▸ **Stored items**:
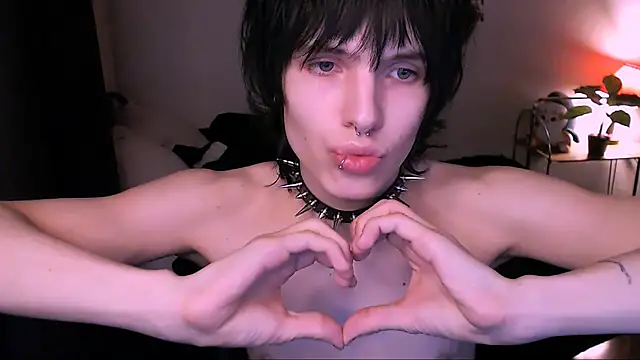 Snapshot of timi-moon chatting on November 9, 2:48 pm timi-moon online show from November 9, 2:48 pm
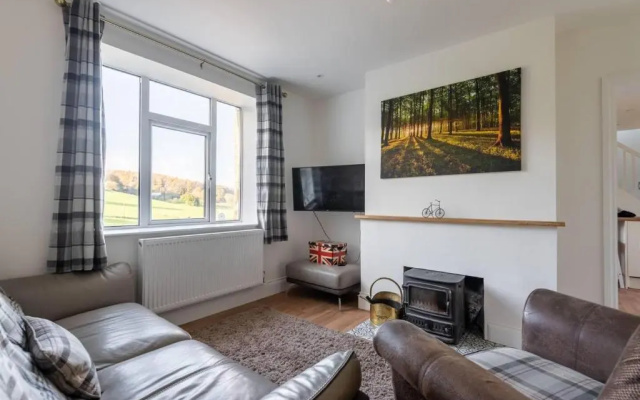 Beautiful House in the Forest of Dean Countryside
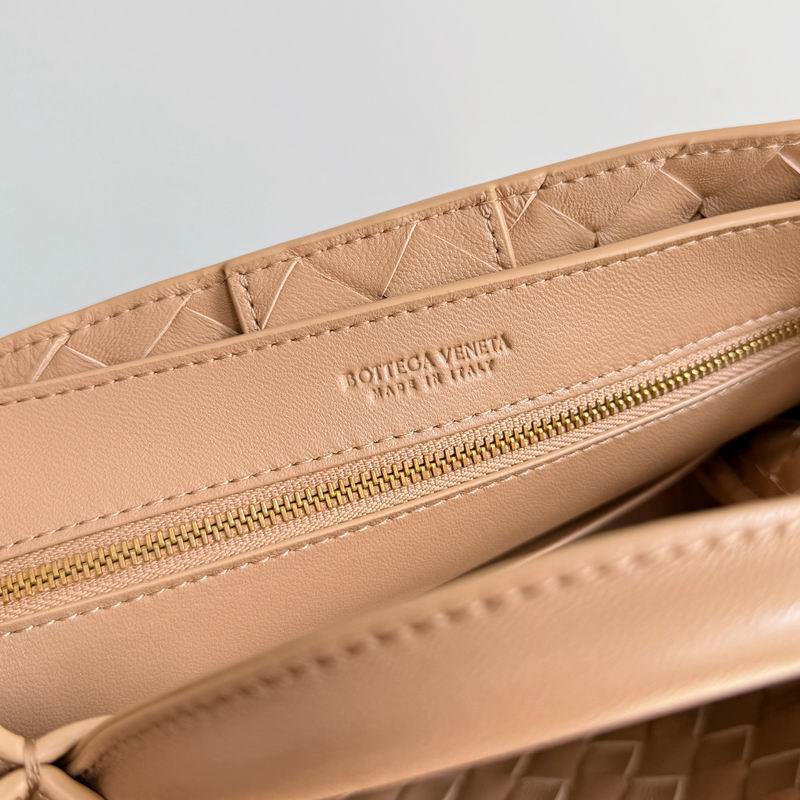 BTVA-Bags - Strap Story - 490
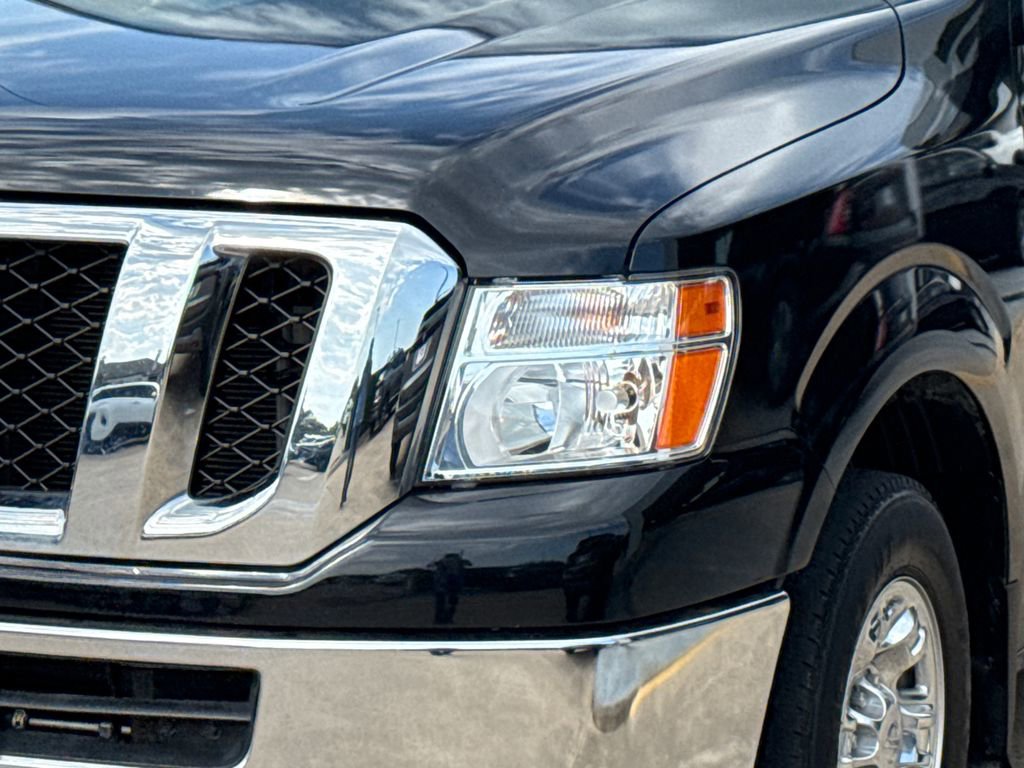 Used 2021 Nissan NV 3500 SV image 5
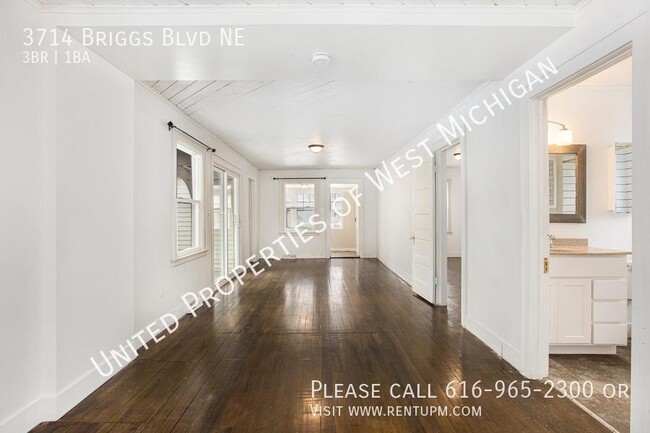 Building Photo - Available Now | 3 Bedroom 1 Bath Single Fa...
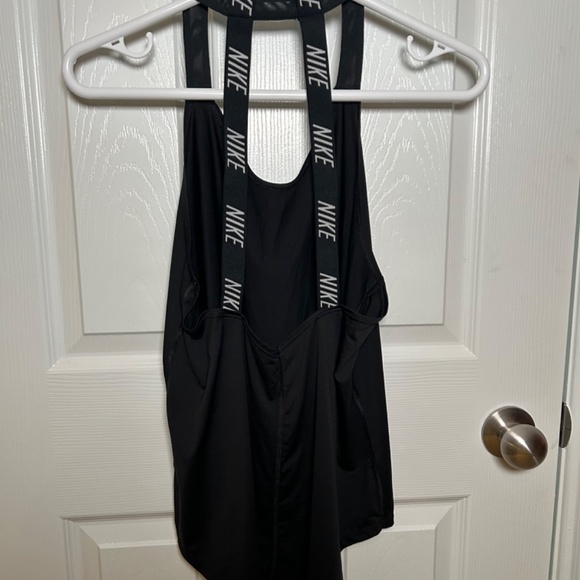 Nike Workout Tanktop - Picture 2 of 3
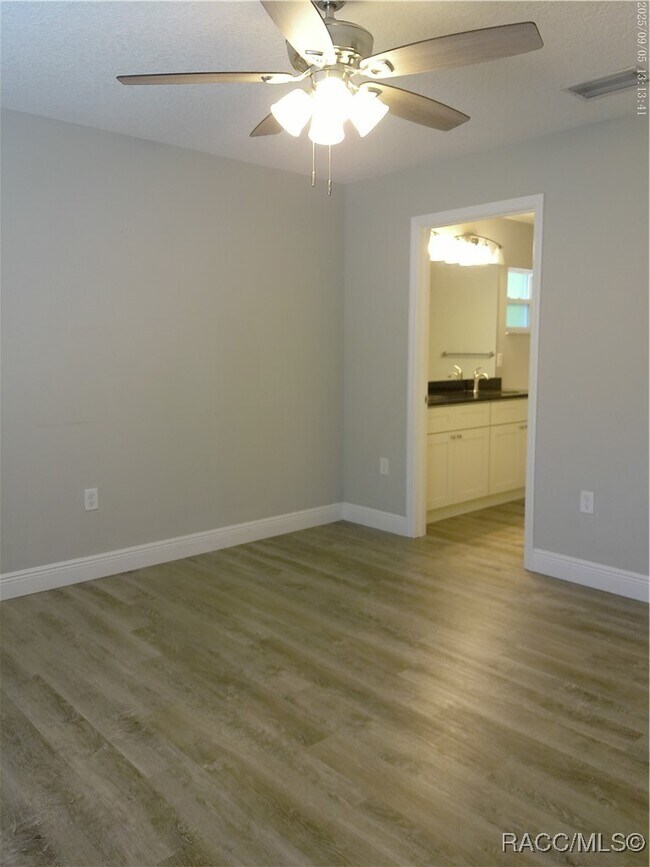 Building Photo - 9252 N Agatha Dr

▸ **GOAL OF THE EXERCISE**: Nothing but the lines from the one containing "Used 2021 Nissan NV 3500 SV image 5" through the final line of the records, both included and copied exactly, should appear in the answer; pictures stay out.

▸ **REPLY TO THE EXERCISE**:
 Used 2021 Nissan NV 3500 SV image 5
 Building Photo - Available Now | 3 Bedroom 1 Bath Single Fa...
 Nike Workout Tanktop - Picture 2 of 3
 Building Photo - 9252 N Agatha Dr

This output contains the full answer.